New Big Data Tools for Single-Cell Omics

Recent progress in developing high-throughput single-cell methods allows researchers to study cell types and states of a tremendous number of cells. Further advances and focused international initiatives, such as the Human Cell Atlas, will likely allow the number of cells that can be analyzed to grow even further, to hundreds of millions of cells and beyond.

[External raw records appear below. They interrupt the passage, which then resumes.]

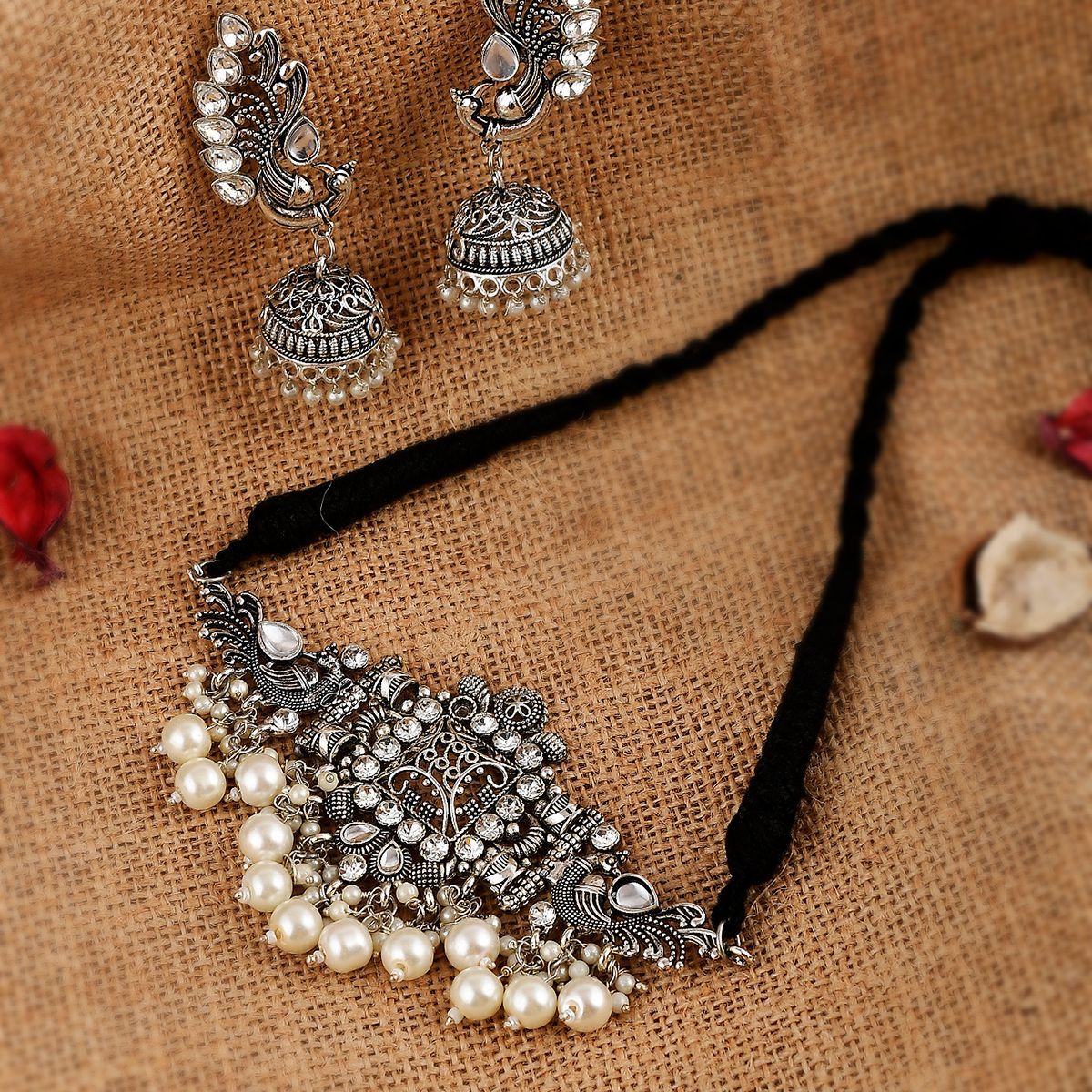 Shoshaa Silver-Plated Kundan Pearl and Beaded Choker Necklace (Set of 2)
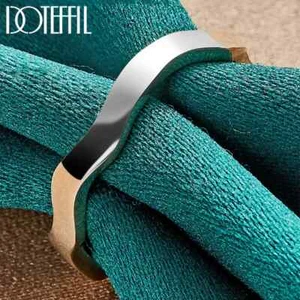 DOTEFFIL 925 Plata Esterlina Suave Anillo Boda Fiesta Moda Joyería - Imagen 1 de 7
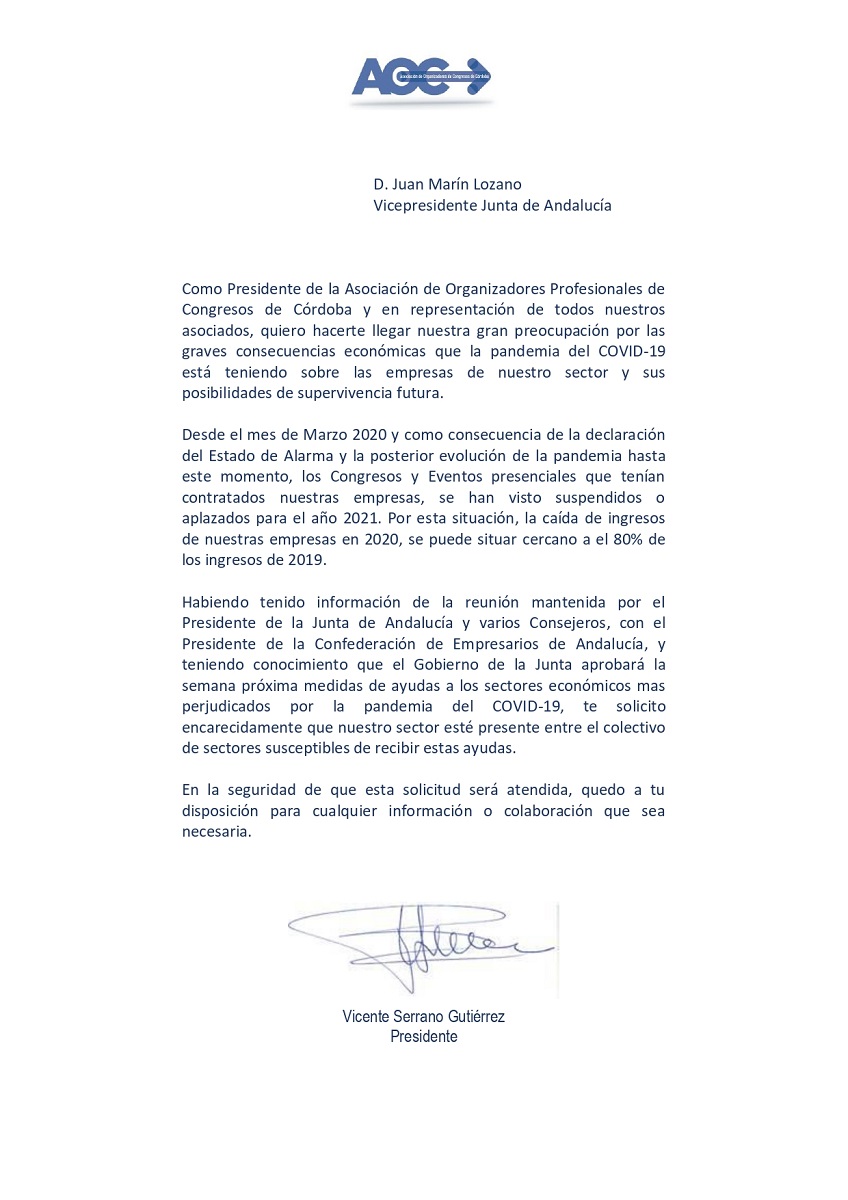 Carta de AOC Córdoba al Vicepresidente de la Junta de Andalucía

Deriving biological insights from such massive datasets requires new tools for big data visualization and exploration. In particular, understanding the molecular programs that guide differentiation during development is a major challenge. I will describe two projects that tackle different challenges within single-cell data analysis: Waddington-OT and scSVA. My colleagues and I applied Waddington-OT to reconstruct the landscape of mouse embryonic fibroblasts (MEFs) reprogrammed to induced pluripotent stem cells (iPSCs) from 315,000 single-cell RNA-Seq profiles. The analysis predicts transcription factors and paracrine signals that affect cell fates, and experiments validate that the transcription factor Obox6 and the cytokine GDF9 enhance reprogramming efficiency. scSVA (single-cell Scalable Visualization and Analytics) relies on advances from diverse data-heavy areas, especially astronomy, to scale up most of its capabilities to a billion cells with real time interactivity. To reduce memory usage, scSVA supports efficient retrieval of cell features from massive expression matrices stored on a disk. To facilitate reproducible research, scSVA supports interactive analytics in the cloud with containerized tools. Thus, scSVA should enable users to interact with large datasets and complex analytics to yield novel insights and discoveries.